Corey Devon Liuget (born March 18, 1990) is a former American football defensive tackle. He played college football at Illinois, and was drafted by the San Diego Chargers in the first round of the 2011 NFL Draft.

College career
During his three-year Illinois career, Liuget had 125 tackles, 25.5 TFLs and 8.5 sacks Liuget had a career year in 2010, earning Second-team All-Big Ten accolades after recording 63 tackles, 12.5 tackles for loss, 4.5 sacks, 10 quarterback hurries and three passes broken up. In 2009, he played in all 12 games, making four starts. In 2008, he ranked fifth in the Big Ten in fumbles recovered and played in 11 games and started two at defensive tackle as a true-freshman.
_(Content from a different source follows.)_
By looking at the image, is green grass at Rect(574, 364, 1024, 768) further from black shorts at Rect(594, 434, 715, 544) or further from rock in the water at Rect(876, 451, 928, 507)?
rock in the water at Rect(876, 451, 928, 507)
After his junior season, Liuget announced that he would forgo his senior season and enter the 2011 NFL Draft.

Professional career

San Diego / Los Angeles Chargers
Liuget was drafted in the first round as the 18th draft pick by the San Diego Chargers.

In his rookie season, Liuget played in 15 games, including 13 starts, and recorded 19 total tackles, a sack, and a forced fumble. The team's first-round pick in the 2011 NFL Draft, Liuget had to grow up in a hurry as the NFL Lockout wiped out what would have been his first offseason. Instead of working out with teammates and studying with coaches, Liuget was forced to work alone. When the lockout ended and the season rolled around, injuries hammered the Chargers’ defensive line and the young rookie was pressed into immediate duty. Liuget ended up playing in 15 games with 13 starts.

In 2012, Liuget had a breakout season: the 2nd year man started all 16 games and had a tremendous impact on the Chargers defense.

Liuget went on to lead San Diego's defensive line in sacks (7), tackles (61), tackles for loss (15) and passes defended (9) in 2012, and his nine passes defended were second in the NFL among defensive linemen behind Houston's J. J. Watt’s 15. Liuget’s improved conditioning also contributed to a strong finish to the season as he tallied five sacks in the team’s last six games, including a career-high two in the Chargers’ December 23 win over the New York Jets. At the end of the season, he was named Chargers Defensive Player of Year (David Griggs Memorial Award). He was also on USA Today's All-Joe team.

In 2013, Liuget went on to lead the defense with 5.5 sacks. He also added 42 tackles, 2 passes defended, 1 field goal blocked, and a forced fumble.

In the 2014 season, Liuget got his first NFL touchdown against the San Francisco 49ers after recovering a fumble forced by Dwight Freeney and Ricardo Mathews. Liuget finished the season with 4.5 sacks 57 tackles, 2 passes defended, and 2 forced fumbles.

Liuget signed a five-year, $58.5 million extension with the Chargers, with $30 million guaranteed on June 9, 2015. On December 12, 2015, he was placed on injured reserve.

On March 23, 2018, Liuget was suspended four games due to a PED violation. In Week 11, Liuget suffered a torn quad tendon and was ruled out for the season. He was placed on injured reserve on November 21, 2018.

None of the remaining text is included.